Rich Paul was at boot camp at Lackland Air Force Base in San Antonio in the early 1960s when an instructor came in with an announcement. There was girl at the military hospital who had cancer, and they needed blood donors.
“He said, ‘We’ll give you the rest of the day off if you give blood now. So I raised my hand right away,” Rich said. “It sounded like a good deal to me.”
Six decades and 214 donations later, Rich is still raising his hand as a loyal Red Cross blood donor.
“Hell, I got lots of blood,” he said. “If I could do something to help somebody it’s just a gift as far as I’m concerned.”
Eighty-three years old, Rich lives just west of Lincoln and donates at community drives there as often as he can. Fellow donors and the Red Cross crew know him well.
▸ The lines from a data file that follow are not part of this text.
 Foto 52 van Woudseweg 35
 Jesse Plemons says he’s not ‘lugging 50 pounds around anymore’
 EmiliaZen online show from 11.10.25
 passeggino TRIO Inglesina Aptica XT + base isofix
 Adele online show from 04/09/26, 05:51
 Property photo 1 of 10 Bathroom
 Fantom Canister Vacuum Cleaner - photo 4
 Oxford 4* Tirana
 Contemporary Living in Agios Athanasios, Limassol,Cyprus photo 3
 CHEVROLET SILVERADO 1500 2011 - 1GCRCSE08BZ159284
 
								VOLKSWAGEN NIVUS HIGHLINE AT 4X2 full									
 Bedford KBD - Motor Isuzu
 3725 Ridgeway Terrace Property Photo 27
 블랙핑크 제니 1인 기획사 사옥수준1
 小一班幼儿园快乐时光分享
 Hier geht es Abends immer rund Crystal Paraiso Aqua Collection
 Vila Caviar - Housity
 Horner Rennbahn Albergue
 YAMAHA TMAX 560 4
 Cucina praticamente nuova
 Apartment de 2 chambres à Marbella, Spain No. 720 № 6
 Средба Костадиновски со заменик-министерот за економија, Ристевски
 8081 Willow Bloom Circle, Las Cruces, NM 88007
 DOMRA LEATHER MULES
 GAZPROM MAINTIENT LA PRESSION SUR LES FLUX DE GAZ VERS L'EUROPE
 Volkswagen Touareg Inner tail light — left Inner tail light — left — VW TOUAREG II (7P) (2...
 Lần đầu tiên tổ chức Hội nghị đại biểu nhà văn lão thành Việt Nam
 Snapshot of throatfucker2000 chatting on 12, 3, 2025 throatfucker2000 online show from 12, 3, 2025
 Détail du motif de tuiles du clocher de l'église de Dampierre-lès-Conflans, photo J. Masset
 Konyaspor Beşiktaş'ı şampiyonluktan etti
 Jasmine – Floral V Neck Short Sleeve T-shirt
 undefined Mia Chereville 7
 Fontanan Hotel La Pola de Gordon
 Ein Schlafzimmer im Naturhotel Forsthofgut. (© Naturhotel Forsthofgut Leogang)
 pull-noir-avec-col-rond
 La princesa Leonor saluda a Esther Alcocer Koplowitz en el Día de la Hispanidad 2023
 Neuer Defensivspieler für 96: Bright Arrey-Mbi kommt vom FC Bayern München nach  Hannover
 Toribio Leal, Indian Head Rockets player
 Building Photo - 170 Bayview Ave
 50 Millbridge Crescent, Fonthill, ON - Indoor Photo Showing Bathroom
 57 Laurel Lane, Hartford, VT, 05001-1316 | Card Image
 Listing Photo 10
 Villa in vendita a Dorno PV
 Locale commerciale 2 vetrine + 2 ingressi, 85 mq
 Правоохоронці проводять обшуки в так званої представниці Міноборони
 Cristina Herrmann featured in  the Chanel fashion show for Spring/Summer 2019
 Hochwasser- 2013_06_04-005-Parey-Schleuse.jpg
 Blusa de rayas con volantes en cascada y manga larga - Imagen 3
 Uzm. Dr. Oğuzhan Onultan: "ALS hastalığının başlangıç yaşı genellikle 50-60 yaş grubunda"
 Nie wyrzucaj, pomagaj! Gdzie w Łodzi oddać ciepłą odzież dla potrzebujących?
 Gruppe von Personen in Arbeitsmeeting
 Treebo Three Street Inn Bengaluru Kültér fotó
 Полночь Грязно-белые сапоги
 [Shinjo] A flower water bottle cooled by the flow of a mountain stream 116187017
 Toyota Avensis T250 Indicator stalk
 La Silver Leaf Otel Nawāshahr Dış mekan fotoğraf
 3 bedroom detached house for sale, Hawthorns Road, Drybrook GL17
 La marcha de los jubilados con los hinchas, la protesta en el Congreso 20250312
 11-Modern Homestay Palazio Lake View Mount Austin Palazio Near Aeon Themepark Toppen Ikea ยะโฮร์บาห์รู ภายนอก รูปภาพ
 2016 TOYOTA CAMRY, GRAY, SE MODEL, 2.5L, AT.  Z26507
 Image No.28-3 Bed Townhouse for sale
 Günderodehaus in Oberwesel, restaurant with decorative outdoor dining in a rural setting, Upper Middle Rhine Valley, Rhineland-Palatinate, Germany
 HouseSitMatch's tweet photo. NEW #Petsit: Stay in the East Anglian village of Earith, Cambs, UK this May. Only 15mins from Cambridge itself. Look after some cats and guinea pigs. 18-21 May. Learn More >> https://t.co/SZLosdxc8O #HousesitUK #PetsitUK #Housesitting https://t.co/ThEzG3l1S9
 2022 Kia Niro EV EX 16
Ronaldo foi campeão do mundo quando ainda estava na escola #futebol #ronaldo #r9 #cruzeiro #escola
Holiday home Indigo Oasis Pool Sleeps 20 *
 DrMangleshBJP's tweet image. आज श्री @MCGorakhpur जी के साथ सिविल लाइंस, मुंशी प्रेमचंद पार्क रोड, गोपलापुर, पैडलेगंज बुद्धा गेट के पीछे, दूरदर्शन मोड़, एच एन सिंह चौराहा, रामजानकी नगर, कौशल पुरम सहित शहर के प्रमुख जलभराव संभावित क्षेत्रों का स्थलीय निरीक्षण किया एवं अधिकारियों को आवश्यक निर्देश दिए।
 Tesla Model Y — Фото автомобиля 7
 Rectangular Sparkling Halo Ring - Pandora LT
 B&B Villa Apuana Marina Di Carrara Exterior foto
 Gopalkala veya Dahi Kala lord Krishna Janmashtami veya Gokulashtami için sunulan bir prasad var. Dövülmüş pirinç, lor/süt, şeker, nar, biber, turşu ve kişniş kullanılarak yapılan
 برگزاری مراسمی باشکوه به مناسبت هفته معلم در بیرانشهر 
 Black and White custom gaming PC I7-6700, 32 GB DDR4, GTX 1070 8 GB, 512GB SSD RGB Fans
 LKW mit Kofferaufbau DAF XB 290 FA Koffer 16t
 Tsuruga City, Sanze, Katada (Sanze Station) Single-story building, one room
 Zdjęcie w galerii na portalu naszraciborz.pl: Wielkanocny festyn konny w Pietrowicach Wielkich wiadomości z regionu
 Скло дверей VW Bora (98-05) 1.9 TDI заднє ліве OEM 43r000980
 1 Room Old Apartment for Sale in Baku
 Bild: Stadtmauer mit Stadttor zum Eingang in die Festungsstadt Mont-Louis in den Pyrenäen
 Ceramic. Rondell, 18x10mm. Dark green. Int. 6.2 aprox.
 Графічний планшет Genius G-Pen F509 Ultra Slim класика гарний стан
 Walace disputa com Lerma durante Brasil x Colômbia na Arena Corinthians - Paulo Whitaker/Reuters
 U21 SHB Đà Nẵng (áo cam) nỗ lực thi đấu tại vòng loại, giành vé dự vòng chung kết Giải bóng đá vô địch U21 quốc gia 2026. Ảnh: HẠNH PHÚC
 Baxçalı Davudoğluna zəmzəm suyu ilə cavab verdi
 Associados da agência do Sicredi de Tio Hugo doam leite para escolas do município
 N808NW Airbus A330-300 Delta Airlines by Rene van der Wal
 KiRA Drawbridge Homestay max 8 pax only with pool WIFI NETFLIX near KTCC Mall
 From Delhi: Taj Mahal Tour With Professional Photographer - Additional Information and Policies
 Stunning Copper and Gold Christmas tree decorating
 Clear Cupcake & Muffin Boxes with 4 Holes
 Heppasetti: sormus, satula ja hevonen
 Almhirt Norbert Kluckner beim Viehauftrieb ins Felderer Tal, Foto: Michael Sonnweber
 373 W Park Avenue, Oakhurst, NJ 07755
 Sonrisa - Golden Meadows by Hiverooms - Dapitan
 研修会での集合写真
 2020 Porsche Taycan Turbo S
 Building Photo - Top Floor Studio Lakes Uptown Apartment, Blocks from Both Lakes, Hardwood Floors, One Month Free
“It’s like old-home week every 60 days,” he said. “I walk in the door and a good percentage of them say ‘Hi Rich, I haven’t seen you in a couple months.”
Rich’s daughter, Dawn Charron, said her dad certainly draws a crowd.
“He gets plenty of hugs and kisses on a give-blood day,” she said. “I’ll let him tell you about that.”
Sherry Sidell is the blood program leader in Lincoln and helps organize the community drives. She said Rich is always lending his time to others, whether it’s giving blood, climbing a ladder to help paint a house or with his incredible carpentry skills.
“He’s a very amazing man and good friend of everybody in town,” she said. “He’s just got a very big heart.”
Rich spent almost 33 years as guardsman with the Montana Air National Guard and 28 years as a civil service technician with the Guard. Besides Lincoln, he’s also lived in Great Falls and has had a long list of employers including Caterpillar, the Anaconda Company, Albertsons and Riverside Machine Works. Through it all, he’s made helping others a key part of his life.
“Giving blood is kind of like walking down the street and seeing somebody who’s having a hard time and they need money or whatever and I’ll give it to them,” he said. “I’m also a good tipper.”
“It’s something that has made my heart feel good, and probably bigger, because of what I do. I’ve been that way for 60-some years.”
Blood donation has been part of his family as well. His mother was a blood donor back in the ‘50s before she got sick and needed blood herself. Rich said he dreads the day when he’s no longer able to give.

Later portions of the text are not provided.